DESCRIPTION OF THE TASK:
Transcribe exactly, and only, the lines that fall between the line containing "TETHER GOLD - XAUT/USD - Daily" and the last line of the material, both ends included, omitting any pictures.

SOURCE DATA:

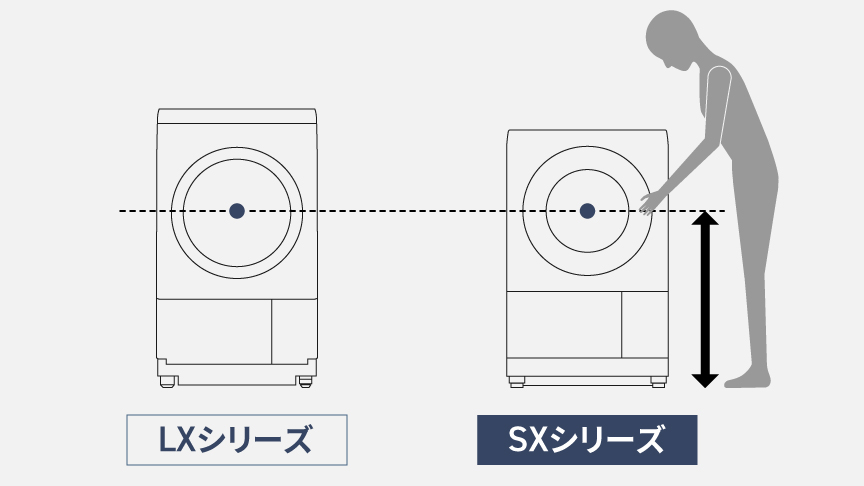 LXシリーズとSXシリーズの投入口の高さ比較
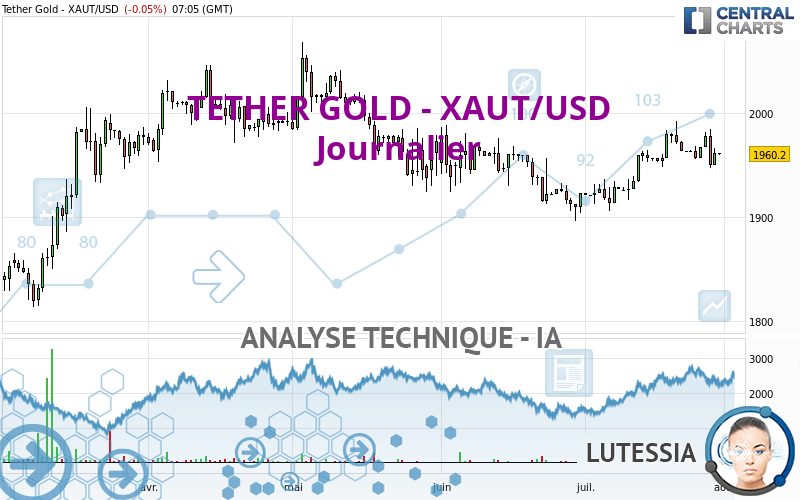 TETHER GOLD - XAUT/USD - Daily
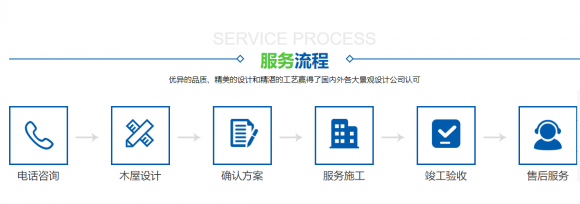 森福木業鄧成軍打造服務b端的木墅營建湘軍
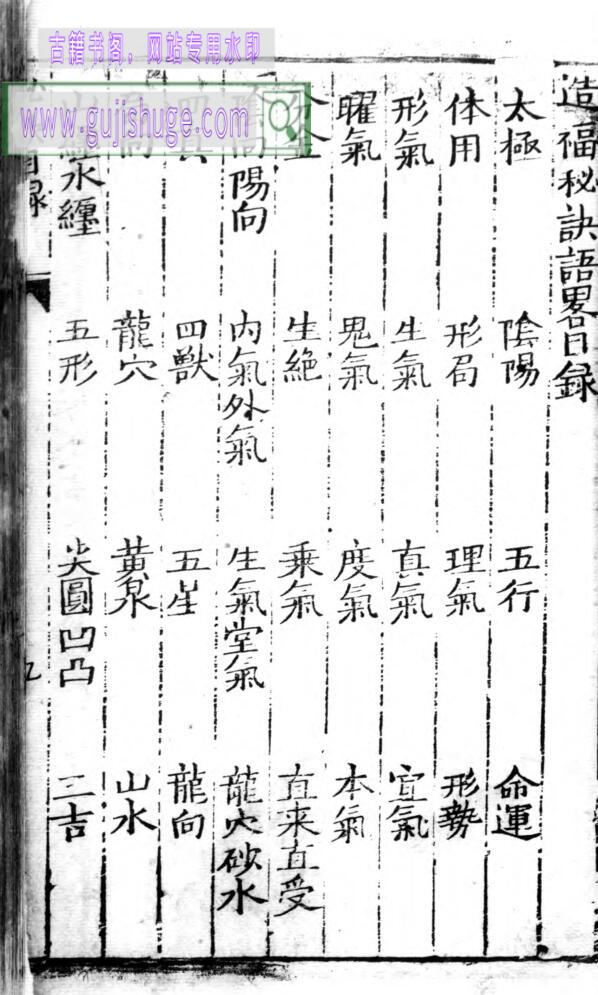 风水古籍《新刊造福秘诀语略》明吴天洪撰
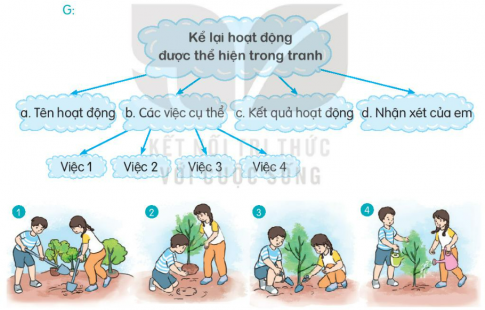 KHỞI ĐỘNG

ANSWER FOR THE TASK:
 TETHER GOLD - XAUT/USD - Daily
 森福木業鄧成軍打造服務b端的木墅營建湘軍
 风水古籍《新刊造福秘诀语略》明吴天洪撰
 KHỞI ĐỘNG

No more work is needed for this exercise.